Much of this network has been neglected since the 1991 collapse of the Soviet Union and has fallen into a state of disrepair. In addition to a lack of maintenance and repair works, roads have also sustained damage due to often overloaded freight vehicles.

For many Ukrainians, this deteriorating road network has served as a visual reminder of the country’s losing battle with corruption and stagnation in the decades following independence. This makes the drive to transform Ukraine’s road network a potentially powerful symbol of national revival.

Yuriy Golik is an unpaid advisor to the Big Construction program. More than 300,000 people follow his Facebook page, which is updated daily with posts showing completed Big Construction projects. Golik, a 44-year-old businessman from Luhansk, says his motivation is similar to Zelensky’s; he wants to be able to look back in the years to come and say he was part of something that changed Ukraine for the better.

Golik teamed up Valentyn Reznichenko, his former boss at Ukraine Media Holding, to govern the Dnipropetrovsk region in 2015. Five years later, he wrote a 283-page memoir, titled “Eternity is Not for Weaklings: About Managers Who Hacked the State System,” chronicling his time at Dnipropetrovsk Regional State Administration.

The title of Chapter 8 of Golik’s book reads: “Do not Build Kilometers and Sections. Build Roads.” That is exactly what he and Reznichenko set out to do in Dnipropetrovsk Oblast. They first inventoried all roads in the region by category, then worked with stakeholders and public servants to cut red tape, secure financing, and build.

“At first, we didn’t have a methodical understanding of what we could achieve because no one in any region of Ukraine had ever dealt with fixing and building new roads systematically,” Golik says.

Initially, they set themselves the goal of completing capital repairs on the main street in every rural village. Quality and speed were the two primary demands of companies hired to do the work. From 2015-2019, the state administration spent about USD 185 million to resurface 500 km of roads in the Dnipropetrovsk region. This experience has since been applied to the Big Construction program.

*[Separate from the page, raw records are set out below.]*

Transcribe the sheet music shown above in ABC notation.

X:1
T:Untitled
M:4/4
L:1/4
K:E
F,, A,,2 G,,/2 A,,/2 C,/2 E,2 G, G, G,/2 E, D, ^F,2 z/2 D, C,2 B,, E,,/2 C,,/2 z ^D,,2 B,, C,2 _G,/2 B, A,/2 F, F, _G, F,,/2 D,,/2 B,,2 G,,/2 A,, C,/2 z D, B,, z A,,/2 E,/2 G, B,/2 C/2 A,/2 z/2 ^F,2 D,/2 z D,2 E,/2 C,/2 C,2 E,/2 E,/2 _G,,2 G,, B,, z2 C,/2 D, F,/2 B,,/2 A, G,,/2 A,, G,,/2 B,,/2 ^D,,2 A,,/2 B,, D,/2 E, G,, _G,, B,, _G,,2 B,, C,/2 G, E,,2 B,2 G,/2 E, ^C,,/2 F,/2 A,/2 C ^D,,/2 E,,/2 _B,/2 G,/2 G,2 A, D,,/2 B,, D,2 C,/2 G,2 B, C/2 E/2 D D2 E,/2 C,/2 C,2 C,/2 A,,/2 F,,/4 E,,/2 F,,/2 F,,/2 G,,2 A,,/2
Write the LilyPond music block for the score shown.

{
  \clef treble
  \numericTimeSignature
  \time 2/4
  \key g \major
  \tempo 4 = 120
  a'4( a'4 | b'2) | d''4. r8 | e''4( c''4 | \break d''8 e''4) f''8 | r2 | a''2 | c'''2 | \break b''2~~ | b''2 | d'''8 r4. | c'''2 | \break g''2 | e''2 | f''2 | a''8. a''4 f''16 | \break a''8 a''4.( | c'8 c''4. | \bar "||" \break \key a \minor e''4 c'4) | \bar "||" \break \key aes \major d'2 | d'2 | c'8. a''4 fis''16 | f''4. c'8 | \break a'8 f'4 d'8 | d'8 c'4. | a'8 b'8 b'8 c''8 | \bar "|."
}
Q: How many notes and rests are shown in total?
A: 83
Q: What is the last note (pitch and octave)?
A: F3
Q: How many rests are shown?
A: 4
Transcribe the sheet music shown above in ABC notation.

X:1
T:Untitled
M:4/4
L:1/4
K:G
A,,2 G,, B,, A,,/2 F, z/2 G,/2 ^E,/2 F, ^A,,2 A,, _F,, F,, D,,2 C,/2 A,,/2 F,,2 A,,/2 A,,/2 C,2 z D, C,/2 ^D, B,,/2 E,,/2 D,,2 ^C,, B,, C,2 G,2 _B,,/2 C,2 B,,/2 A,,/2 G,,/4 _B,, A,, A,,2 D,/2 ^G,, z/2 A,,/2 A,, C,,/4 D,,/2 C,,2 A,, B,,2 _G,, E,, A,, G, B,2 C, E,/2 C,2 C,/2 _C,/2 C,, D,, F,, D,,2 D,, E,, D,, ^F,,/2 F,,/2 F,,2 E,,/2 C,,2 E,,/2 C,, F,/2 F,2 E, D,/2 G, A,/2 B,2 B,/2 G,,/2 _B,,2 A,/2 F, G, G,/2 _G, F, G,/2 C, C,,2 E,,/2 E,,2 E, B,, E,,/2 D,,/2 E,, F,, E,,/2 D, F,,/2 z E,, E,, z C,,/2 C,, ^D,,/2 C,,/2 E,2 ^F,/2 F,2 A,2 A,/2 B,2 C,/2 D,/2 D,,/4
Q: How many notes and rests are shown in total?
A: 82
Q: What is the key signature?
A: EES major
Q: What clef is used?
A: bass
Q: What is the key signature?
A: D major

Not everyone is convinced by the often bold claims that accompany the Big Construction program. The initiative has sparked a number of controversies and generated considerable criticism amid allegations that it is fueling corruption and diverting state funds away from more pressing priorities. Objections have centered on a perceived lack of transparency and the generous allocation of state financing at a time when Ukrainian businesses have been suffering from the negative economic impact of the pandemic.

Infrastructure Minister Kubrakov says criticisms of Big Construction often lack an understanding of how the road construction business works. “No one is in the business of building roads for free, even if only a 1% profit margin is included in the bid. That is why Ukravtodor has been pushing to adopt the Engineering, Procurement, Construction and Financing (EPCF) contractual framework for large road construction projects,” he says.

Others vouch for the positive economic impact of Ukraine’s infrastructure upgrade. Grigory Kukuruza of Kyiv-based macroeconomic forecasting company Ukraine Economic Outlook says Big Construction will likely account for between 35-50% of the country’s net GDP growth in 2021. “Total expenditures on Big Construction amount to about UAH 138.5 billion, or USD 5 billion, this year,” he notes.

Given the large quantities of budget funding involved, Big Construction projects will necessarily remain subject to scrutiny and will likely face ongoing accusations of corruption in the months and years ahead. Nevertheless, in a country that is in desperate need of modernization, many ordinary Ukrainians will be more interested in the impact the Big Construction infrastructure upgrade has on their everyday lives.

Peter Byrne is an American journalist who has been based in Ukraine for more than twenty years.